Chris Rasch writes,
> I often wonder however, if I had been born in an
> intellectual Jewish household in Brooklyn of 1900,
> instead of a Mormon household in rural Idaho in the
> 1970's, would I now be an ardent Marxist, instead
> of an anarchocapitalist?
You've raised the enormously interesting meta-question
of how it is we obtain our political beliefs, which
has fascinated me since I was a kid. I note that you
are anti-leftist. So is Thomas Sowell, who wrote "A
Conflict of Visions". So far, in my experience, it
has been non-liberals who have raised this question.
Yet some of the very open and bright people here who
have just owned up to be left-leaning, or at least
liberal, such as Damien Broderick and Anders Sandberg
will hardly shy away from such a question, and will
undoubtedly contribute in an objective fashion. What
is so extremely regrettable, is that many other bright
people on the left openly denounce objectivity; all
such inquiries, to them, are simply power plays.

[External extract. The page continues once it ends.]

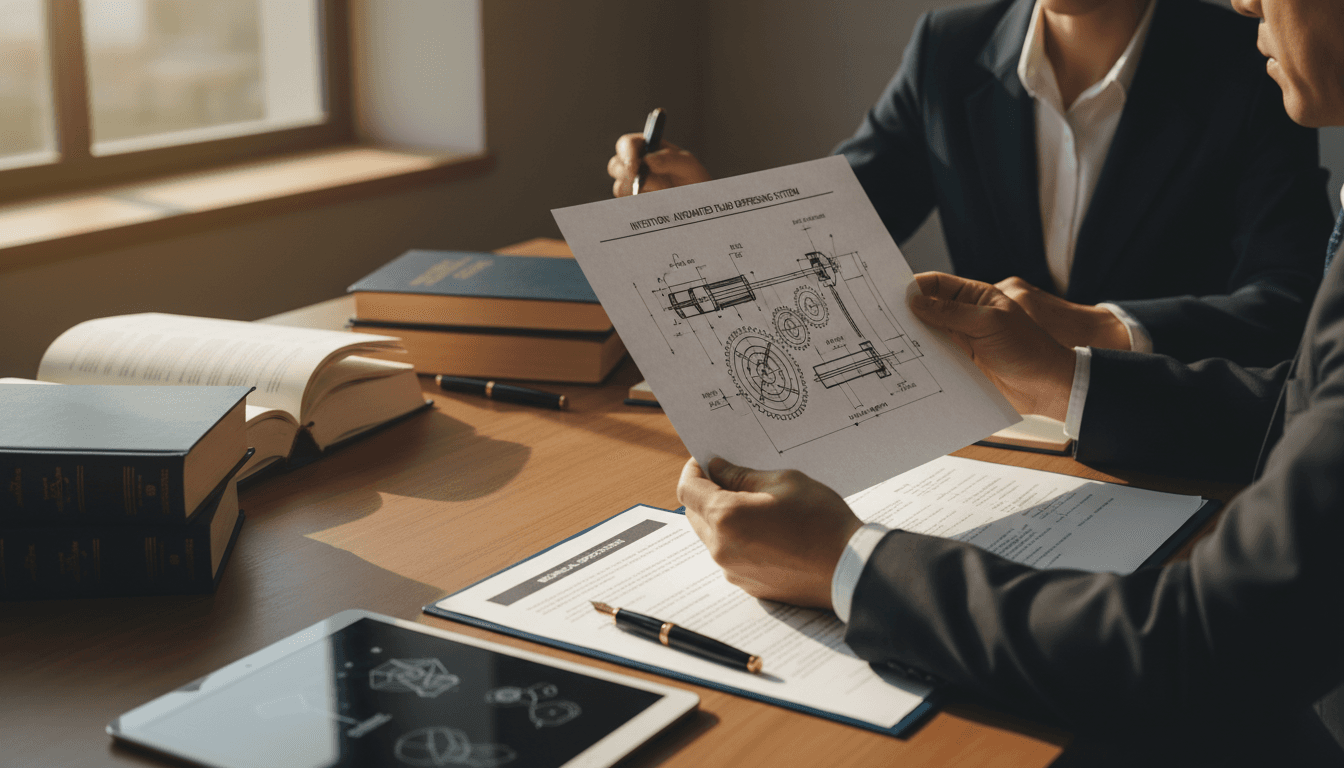Patent attorney Patrick Roncato reviewing technical patent documentation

You are absolutely right that initial upbringing is often
the greatest determiner. I think that what happens is
that as each of us acquires an initial view of the world,
we begin to selectively incorporate new data into it. Soon,
it becomes actually much more difficult to even **remember**
data that conflicts with it. And this process
accelerates and hardens.
At least for most people! The most interesting data has
to come from conversions. I know of one outstanding
conversion: David Horowitz, who in the 1960s and 1970s
was a leading American leftist, went completely the other
way and seems like is now attempting to single-handedly
undo everything that his generation did in the sixties.

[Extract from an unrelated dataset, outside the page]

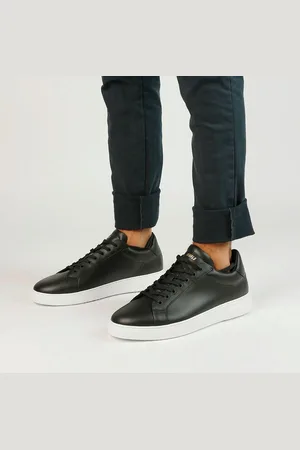 Manfield Heren - Zwarte leren sneakers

(There may be examples from the other side of the political
spectrum---but naturally, I wouldn't **remember** them :-)
By the way, remarks such as the flippant one I just made
are important; they keep the fires of objectivity burning.
On other conversions: I think that it was Jean Pierre Revel
who first said "Anyone who is not a socialist by twenty has
no heart; but anyone who is still a socialist by age forty
has no head." Historical correction appreciated! Yes, people
do tend to become more conservative with age. Whether it is
that they simply run out of energy to pursue their youthful
ideals, or they come to realize that their youthful ideals
were non-productive and dangerous, I don't know---objectively
speaking. (Though guess which I'd bet on!) Now Thomas
Sowell has his explanations of the "constrained vs. the
unconstrained visions", which seem to hold water. But
then, of course, I am doubtlessly biased.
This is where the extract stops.